I am 29 years old and still looking for a new place to live. Maybe I'll find one soon. Maybe I'll keep accumulating those little yellow address cards for the rest of my life. Maybe I'll keep exploring city after city, and country after country in search of a sense of belonging. But that doesn't mean I'm without a home, and it doesn't mean I'm teaching my daughter something negative about the home place. Because I have finally learned what that really means. For people like me who often feel dislocated, it's important to remember the things we carry that give us that sense of home.

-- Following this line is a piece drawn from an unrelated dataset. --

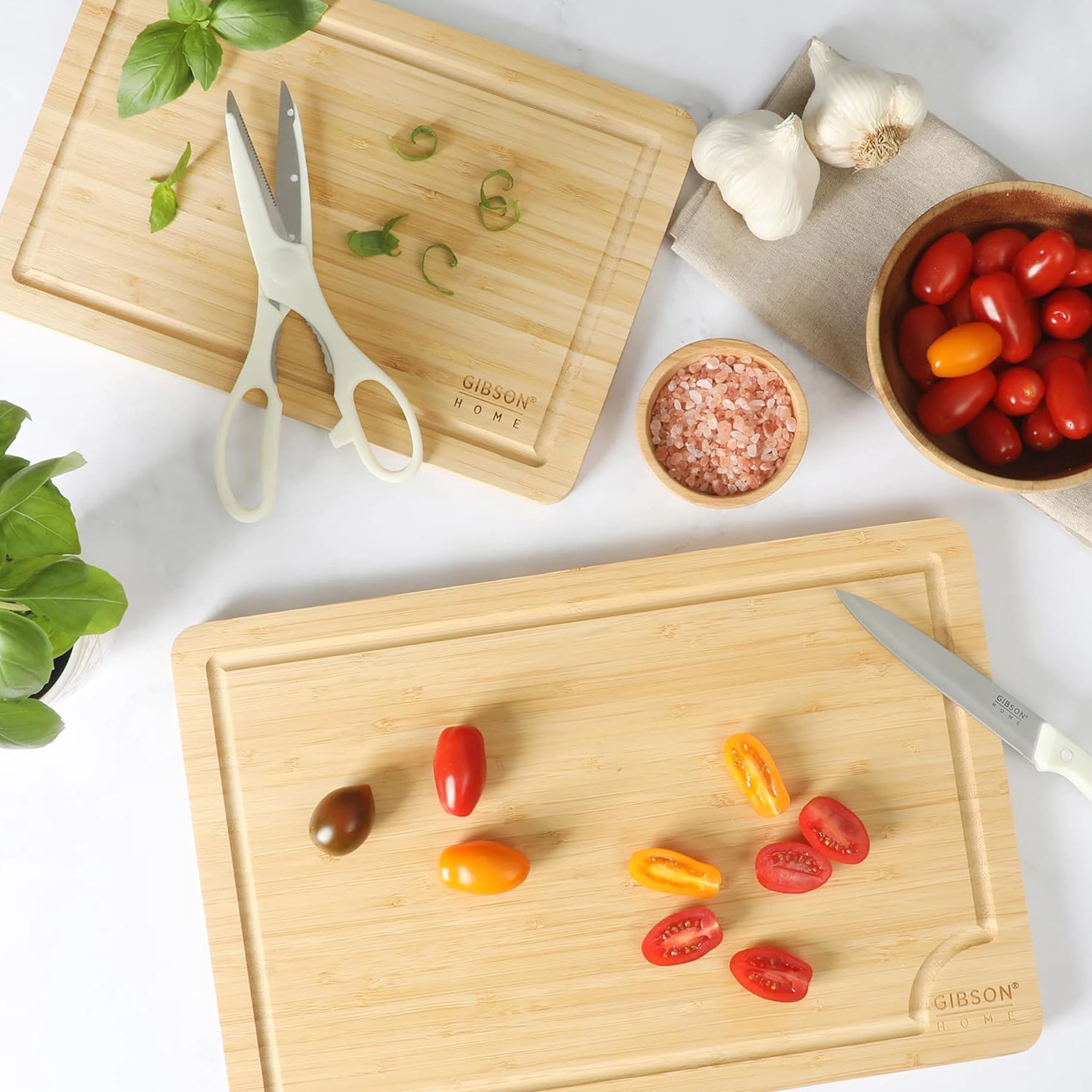 Gibson Home Forestview 2 Piece Rectangle Bamboo Cutting Board Set with Juice Grooves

Home is the smell of freshly mowed grass, and the taste of just-picked strawberries under the scorching July sun. Home is "eat your vegetables or you can't have dessert," and "don't make me count to three." It's the smell of burgers on the grill while we play volleyball in the yard, and the use of my middle name when I've screwed up. It's sunbathing in the back yard, and the smell of heat and dust on long summer drives on the mountain. Home is the sound of Sophie's giggles when I make silly faces in the rear view mirror on the way to daycare. It's the stories that strangers told me on a farm in Belize, and a chat about American politics in a pub in Ireland. It's sitting next to my mother on a beach in North Carolina without saying a word, but having a deep understanding for each other all the same. Home is a friendly smile from someone I've never met, because it reminds me that there are still kind people in the world. Home is every time I've fallen in love, especially that time that knocked the wind out of me, and every time someone hurt me, and every time someone confided in me, and every time someone held my hand, or wrapped their arms around me, or told me I would be okay. Home is every hotel room I slept in, and couch I surfed, and hand I shook, and plane I boarded, and U-Haul I loaded, and key I turned. I am not without a home. I've been home all along.